L’homme qui a grandi sous les glaciers

Sepp a trait sa première vache à l’âge de quatre ans. A six ans, il a été confié à sa marraine Antonia pour l’aider sur l'alpage de Rossbodustaful à près de 2’000 mètres d’altitude.

Depuis combien de temps les hommes contemplent-ils cette gigantesque masse de glace qui me fascine autant qu’elle m’effraie? Des éons, peut-être. Sepp, lui, ne semble nullement impressionné par cette langue gris-bleu qui s’avance par-dessus la moraine à plus de 3’000 mètres. Près de 80 ans qu’il l’observe de l’alpage où il a grandi.
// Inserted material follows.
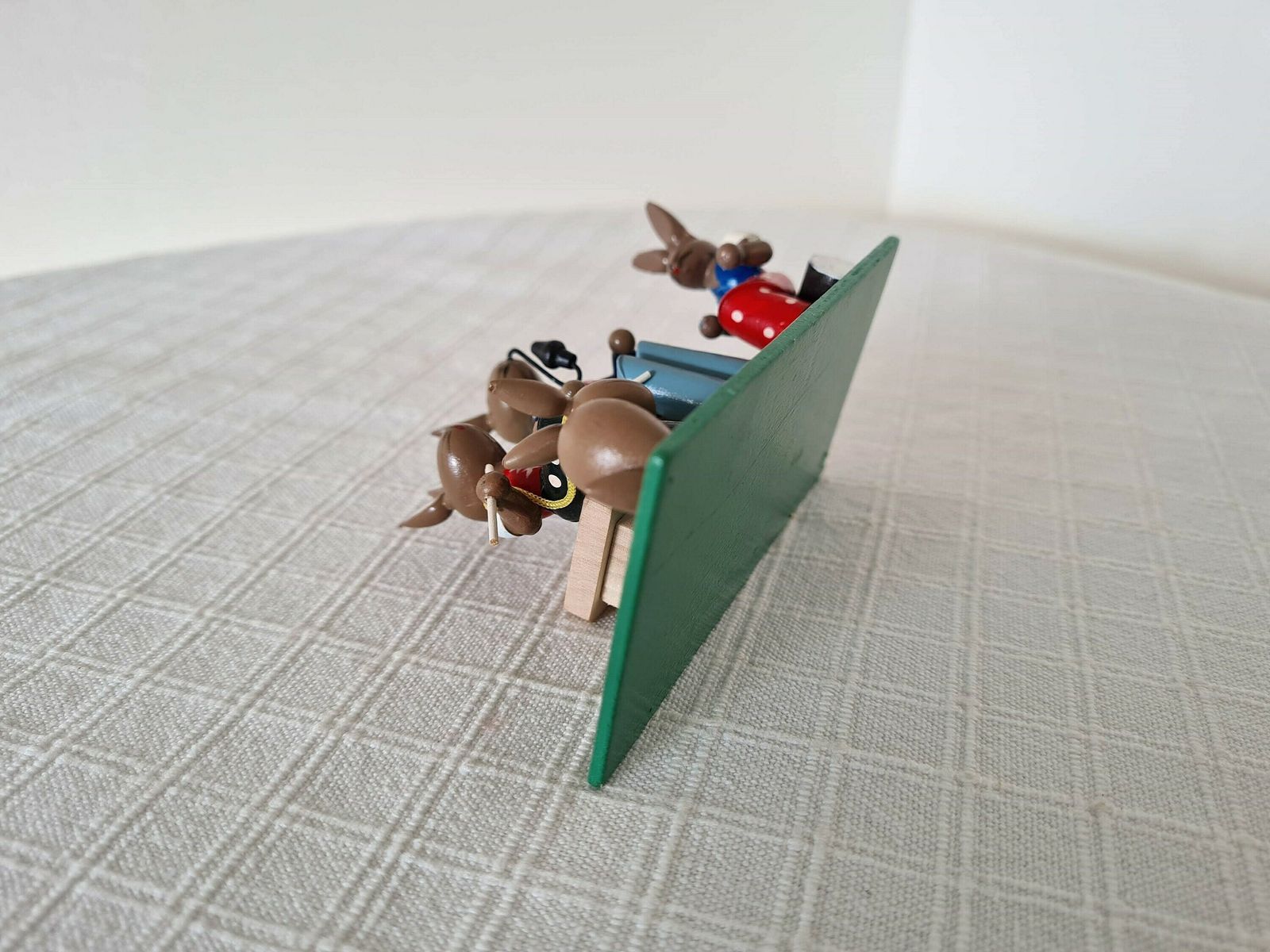 Vintage Decoratie Met 4 Paashazen – Handgeschilderd Houten Volkskunststuk Uit Het Erzgebirge, Gemaakt In Oost Duitsland photo buy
Une proximité et un compagnonnage qui ont valu à la poignée de cabanes en pierre jetées sur ce pâturage au-dessus de l’austère village du Simplon de partager son nom avec le glacier: Rossboden en haut allemand ou Rossbodu en schwyzerdütsch, de Ross «cheval» et Boden «sol». Références à l’âge d’or du col du Simplon et au négociant de Brigue Kaspar Jodok von Stockalper (1609-1691). Surnommé le «Roi du Simplon», il fut le premier à faire fortune en transportant à dos de mulet le sel en provenance de la Méditerranée. La voie était ouverte pour la soie entre Lyon et Milan et enfin la poste entre Genève et la Lombardie, avant que Napoléon ne fasse construire la première route carrossable au début du XIXe siècle pour acheminer ses canons vers le sud. Col qu’au demeurant le premier Empereur des Français ne franchira jamais.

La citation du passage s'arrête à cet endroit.